Thanks folks, much appreciated.


----------



## Prospector (12 April 2009)

ojm said:


> Uses the BoM for current temperature and forecasts, and therefore is very accurate.




 Our BOM cant even describe the weather, let alone predict it!


----------



## MrBurns (12 April 2009)

Mines now showing 21, so it must be 25 outside I guess.

Cant find a silent mode for it , stange how they can make such a magnificent piece of equipment but miss some basic stuff.

I guess it's an IPod first first with a phone attached.

To get aorund the silent mode i leave the vibrating on, it's always on,  and just turn the volume down.

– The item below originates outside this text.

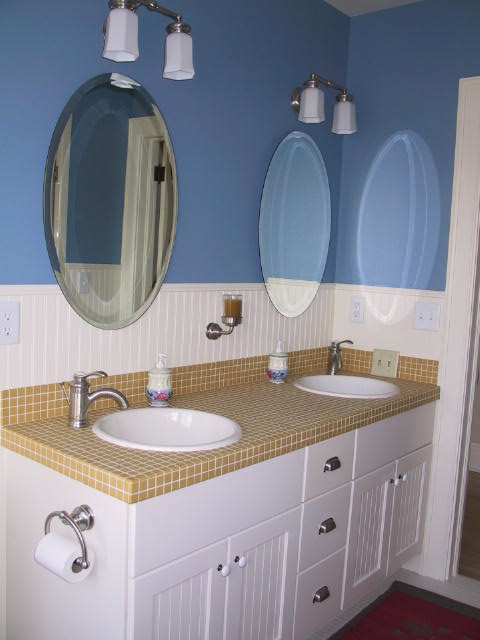 Пример оригинального дизайна: ванная комната среднего размера в классическом стиле с белыми фасадами, желтой плиткой, синими стенами, столешницей из плитки, фасадами с утопленной филенкой, керамической плиткой, полом из мозаичной плитки, накладной раковиной, панелями на стенах, желтым полом, бежевой столешницей и тумбой под две раковины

Added - hang on the BOM says 21 so it is working oh goody, I can hardly wait to try and work other stuff out instead of have a life.


----------



## M34N (12 April 2009)

To get silent mode, flick the button just above the volume button located on the top left of the phone. When silent mode is activated it will vibrate and show a picture of a bell with a crossed line through it; easy!

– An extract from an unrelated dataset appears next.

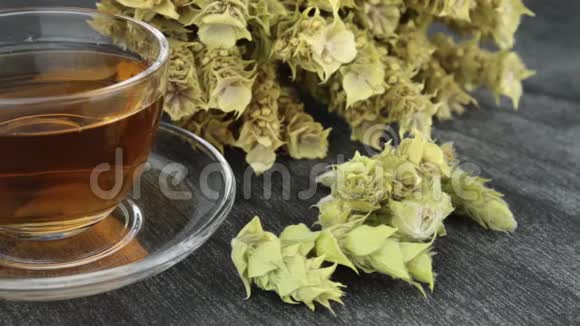 一大堆山茶马洛提拉和杯子与温暖的茶希腊传统草药透明杯希腊山茶视频的预览图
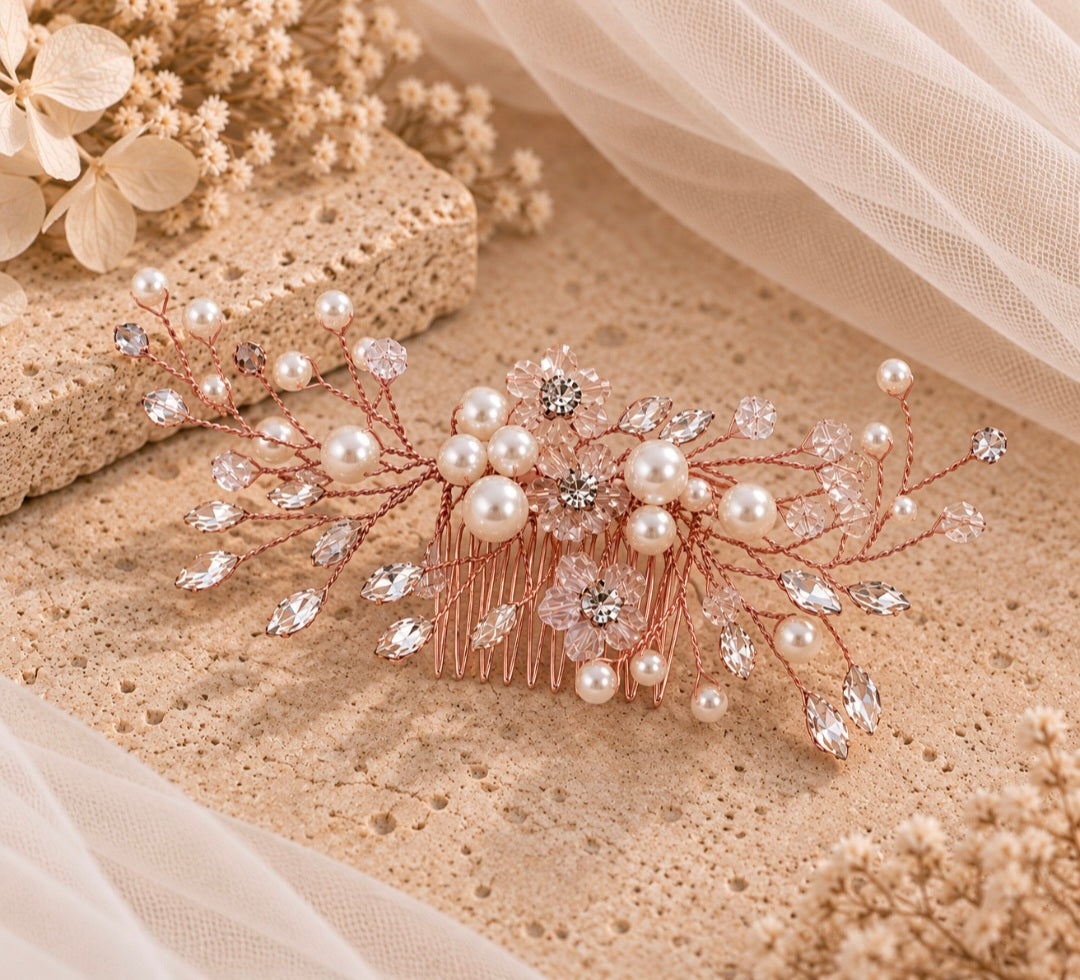 A bridal hair comb featuring rose gold wire branches adorned with faux pearls, clear rhinestones, and crystal drops, styled on a textured beige stone surface with soft white tulle fabric.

BTW I am typing this reply through my iPhone right now 



MrBurns said:


> Mines now showing 21, so it must be 25 outside I guess.
> 
> Cant find a silent mode for it , stange how they can make such a magnificent piece of equipment but miss some basic stuff.
> 
> ...


----------



## MrBurns (12 April 2009)

M34N said:


> To get silent mode, flick the button just above the volume button located on the top left of the phone. Easy
> BTW I am typing this reply through my iPhone right now




M34N - Thank you, thank you, thank you,
I must get a pair of thick black rimmed glasses and an IPhone T Shirt


----------



## M34N (12 April 2009)

No prob 

It took me a few days to figure that one out too so don't worry... the more you play around with it and discover other neat tricks, the more surprised you will be. They really have covered NEARLY everything on the iPhone and that's the main reason why I avidly support it.



MrBurns said:


> M34N - Thank you, thank you, thank you,
> I must get a pair of thick black rimmed glasses and an IPhone T Shirt


----------



## Prospector (12 April 2009)

And if you see orange at the silent button switch, it is on Silent!


----------



## MrBurns (12 April 2009)

Prospector said:


> And if you see orange at the silent button switch, it is on Silent!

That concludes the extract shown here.